I
think I mentioned a couple of months back that October was going to be the
month to end all months. By that I mean, that October was going to be the month
where I accomplished everything needing accomplishing. I’m ashamed to say that
things are looking a little bleak. Now, that’s not to say that I haven’t
managed to accomplish anything. I have managed to qualify for the final round
of interviews for Teach for America. I have not, however, managed to start an
application for IU’S Higher Education Master’s program. I have not managed to
finish my application for Vanderbilt University. I haven’t even started an
application for the A.C.E teaching fellowship, and I still don’t know if I’ve
completely abandoned the idea of going for a P.HD in English Literature.
What’s strange is that for a second I thought I had figured it all out. I was
convinced that if I got the job with Teach for America, I would take it and
start my “adult” life.
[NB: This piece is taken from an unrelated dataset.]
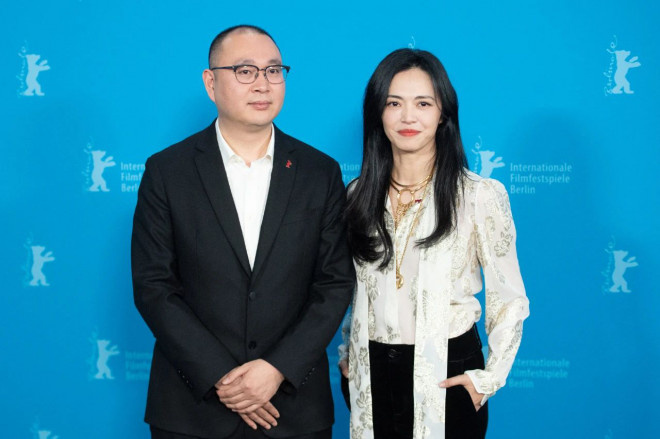 柏林电影节亮点：姚晨监制新片《惊艳国际》 -1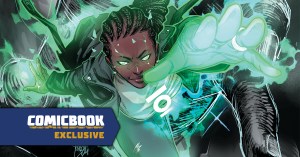 DC’s Absolute Green Lantern Team Teases Hal Jordan’s Very Bad Day, Alien Encounters, and More (Exclusive)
I would change lives. I would stand on top of students’
desks and passionately recite the poetry of Keats, Byron, and Coleridge. Those
ideals seem to fade into the background as reality begins to inch closer and
closer. Maybe it would be best to teach those who are already as passionate
about literature as I am. And, who’s to say that I would even be able to handle
the reading and writing that comes with graduate work in the humanities? I
don’t have much more time to think things over. Maybe I won’t get the job with
Teach for America. In fact, it’s statistically more likely that I won’t.
Who knows? Maybe that will force to make a decision. Wish me the best of luck.
I’ve got a lot of deliberating left to do.